Proje güzergahı üzerinde yer alan Sazlıdere Barajı ve Terkos Havzası’nın İstanbul’un içme suyu ihtiyacının yaklaşık yüzde 30’unu karşıladığını ifade eden Yanıkömeroğlu, kanalın inşasıyla birlikte bu kaynakların tuzlanması ve devre dışı kalması riski bulunduğunun altını çizdi. İstanbul Teknik Üniversitesi tarafından hazırlanan teknik raporlarda, kanal çevresinde yeraltı su seviyelerinin düşeceği ve yeraltı suyu dengesinin bozulacağının vurgulandığına işaret eden Yanıkömeroğlu, ayrıca projenin Kuzey Anadolu Fay Hattı’na yakın bir bölgede yer aldığına dikkati çekti.
“FİİLİ DURUM YARATILMASI ANLAMINA GELMEKTEDİR”

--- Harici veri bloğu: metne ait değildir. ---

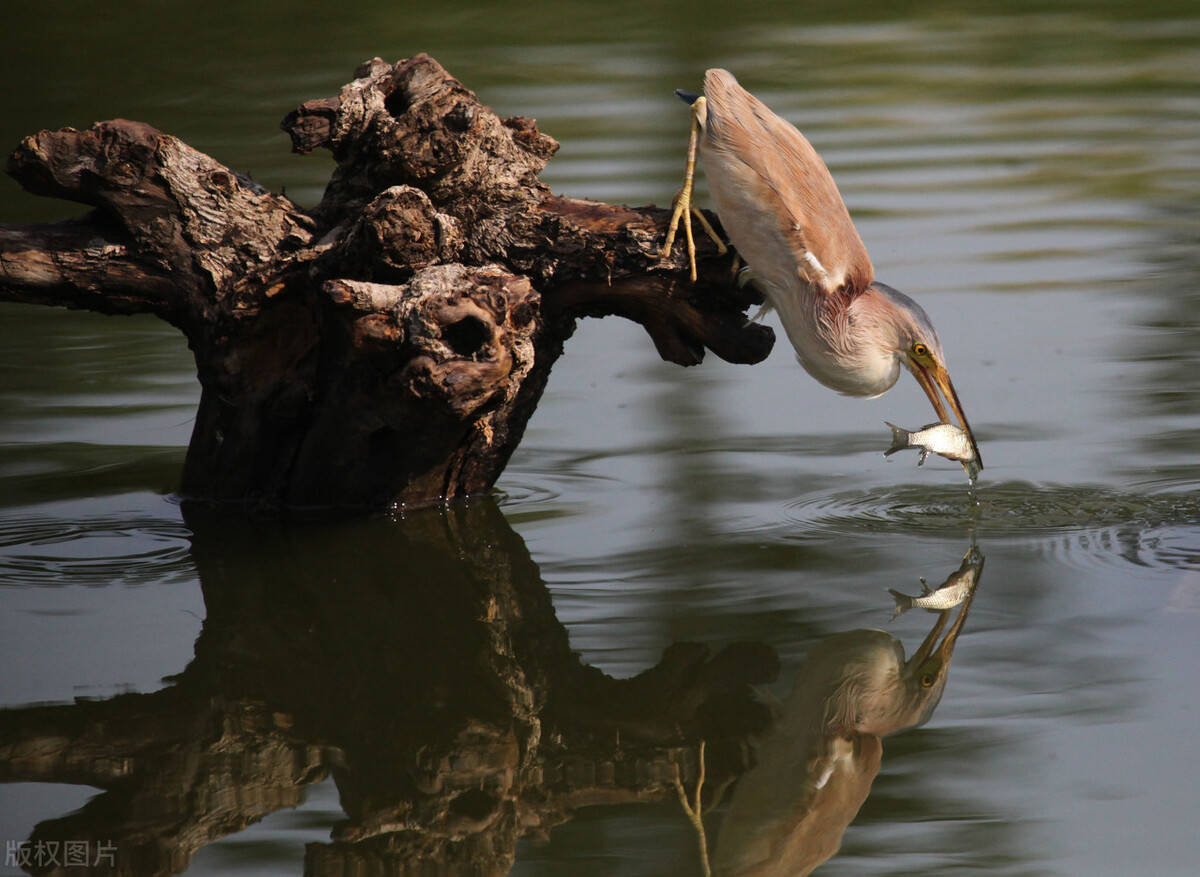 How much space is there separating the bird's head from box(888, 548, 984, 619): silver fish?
39 cm

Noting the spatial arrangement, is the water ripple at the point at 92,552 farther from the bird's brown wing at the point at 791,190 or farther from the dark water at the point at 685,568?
the bird's brown wing at the point at 791,190

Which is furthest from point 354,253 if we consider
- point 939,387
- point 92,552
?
point 939,387

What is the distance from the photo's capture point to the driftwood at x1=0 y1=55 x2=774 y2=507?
14.8 feet

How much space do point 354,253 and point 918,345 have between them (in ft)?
5.07

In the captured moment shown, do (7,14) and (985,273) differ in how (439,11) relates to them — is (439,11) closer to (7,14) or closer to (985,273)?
(7,14)

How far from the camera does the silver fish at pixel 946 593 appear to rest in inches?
164

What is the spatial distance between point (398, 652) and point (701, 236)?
1.47 m

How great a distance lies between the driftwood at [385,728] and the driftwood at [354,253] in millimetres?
568

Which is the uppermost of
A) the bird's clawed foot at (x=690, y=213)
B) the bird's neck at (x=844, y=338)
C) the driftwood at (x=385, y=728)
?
the bird's clawed foot at (x=690, y=213)

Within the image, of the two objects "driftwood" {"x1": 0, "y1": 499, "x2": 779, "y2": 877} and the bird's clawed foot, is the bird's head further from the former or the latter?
"driftwood" {"x1": 0, "y1": 499, "x2": 779, "y2": 877}

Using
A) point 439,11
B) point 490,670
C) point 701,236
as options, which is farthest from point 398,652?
point 439,11

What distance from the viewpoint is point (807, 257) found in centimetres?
441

İstanbul Teknik Üniversitesi ve Kandilli Rasathanesi uzmanlarınca, kanal kazısı sırasında zemin dengesinin bozulabileceği, toprak kaymaları yaşanabileceği ve deprem sonrası tsunami riskinin artabileceğinin ifade edildiğini aktaran Yanıkömeroğlu, şunları kaydetti:
“Kanal güzergahı boyunca yaklaşık 200 milyon metrekarelik tarım ve orman alanının yok olacağı belirtilmektedir. Projenin çevresinde oluşturulan ‘Yenişehir’ adı verilen yapılaşma alanları, İstanbul’daki nüfus yoğunluğunu artıracak ve trafik, altyapı, eğitim ve sağlık gibi kamu hizmetlerini daha da baskılayacaktır. Aynı zamanda, bölgedeki mevcut köylerin yerinden edilmesine ve kentsel rant odaklı bir dönüşümün hızlanmasına neden olacaktır. Projeyle ilgili hazırlanan çevre düzeni ve uygulama imar planları hakkında açılan davalar devam ederken ve planlara yönelik çok sayıda itiraz yapılmışken, son günlerde TOKİ tarafından Kanal İstanbul güzergahında yer alan parseller için altyapı ve yapılaşma ihalelerine çıktığı ortaya çıkmıştır. Henüz hukuki süreçleri tamamlanmamış, itiraz ve değerlendirme aşamaları süren bir projede fiilen ihaleye çıkılması; hem hukuki açıdan hem de kamu idaresinin tarafsız ve şeffaf olma yükümlülüğü açısından yanlıştır. Ayrıca bu durum, mahkemelerin henüz karar vermediği bir konuda, fiili durum yaratılması anlamına gelmektedir.
Bu nedenlerle, Kanal İstanbul projesinin tüm boyutlarıyla kamuoyuna açık, şeffaf ve bilimsel temellere dayalı bir şekilde tartışılması zorunludur. Projenin olası zararları ve alternatiflerinin değerlendirilmesi, demokratik denetim ilkeleri açısından elzemdir. Kanal İstanbul sadece İstanbul’un geleceğini değil, Türkiye’nin geleceğini de doğrudan ilgilendirmektedir. Bu bağlamda, Kanal İstanbul projesinin gerekliliğinin ve olası etkilerinin detaylıca incelenmesi, proje güzergahında, imar planlarına ilişkin itiraz süreçleri henüz tamamlanmamışken bazı bölgelerde ihaleye çıkıldığı ve inşaatların başladığı yönündeki iddiaların araştırılması, bu süreçlerin hukuka uygunluğu ile kamu yararına hizmet edip etmediğinin tespiti ve kamu kaynaklarının bu projelere aktarılmasının yarattığı etkilerin incelenmesi amacıyla Anayasa’nın 98’inci maddesi ile TBMM İçtüzüğü’nün 104 ve 105’inci maddeleri uyarınca bir Meclis Araştırması açılmasını saygılarımla arz ederim.”